Schussler, who is CEO of economists.co.za, noted that SA’s debt-to-GDP “trajectory has changed tremendously.”
This has increased the likelihood of further pension pillage, through the mechanism of prescribed assets.
“You (the State) need to get hold of assets that (will then) have to invest in government debt, to help lower interest payments,” he predicted.
“You are being screwed by highly-paid civil servants,” he noted, referring to the inflated public sector pay rates.
“This means there is less money for dams, schools. The next problem is medicine and textbooks at school.
“They are not going to do enough about the public wage bill. It is very likely that prescribed assets are the easiest way out.
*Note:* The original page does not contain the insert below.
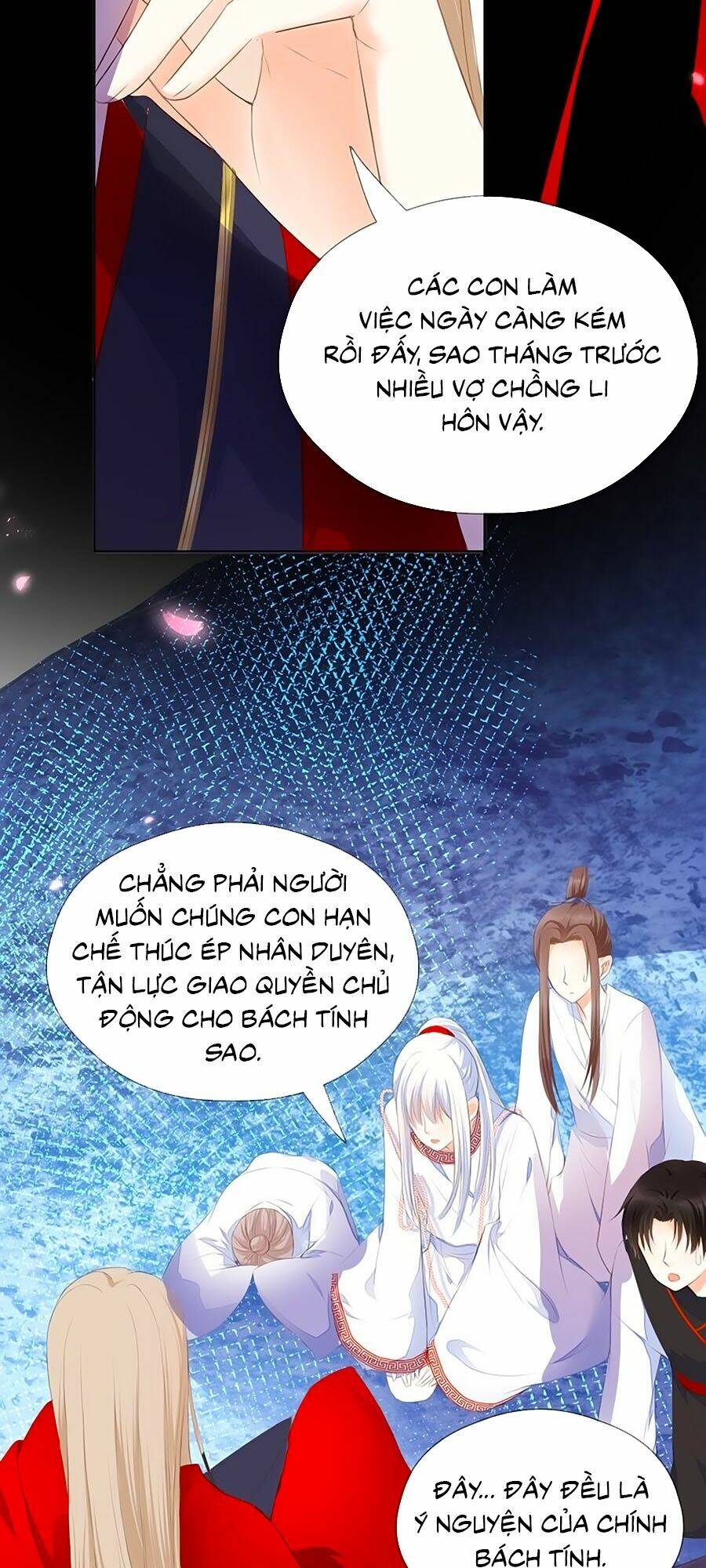 Đóa Hoa Chớm Nở: Chapter 68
It is already ANC policy, and (provided for in) the law.”
He suggested that returns on pension funds and other savings will fall if a greater share of the pot is defined as prescribed assets.
This will have a downward knock-on effect on the value of pensions while also making medical aid more expensive and less affordable.
“The JSE will take a hit,” Schussler warned. “This will destroy the big financial firms.
“Asset managers are scared. This is why they aren’t talking publicly about this.
“I want the assets in my pension fund to grow, but there will be a social problem if this doesn’t happen.
“Things will get worse if we don’t get the returns we need.
“Our danger is in not addressing the fundamental overspending and growth issues that SA faces,” he concluded.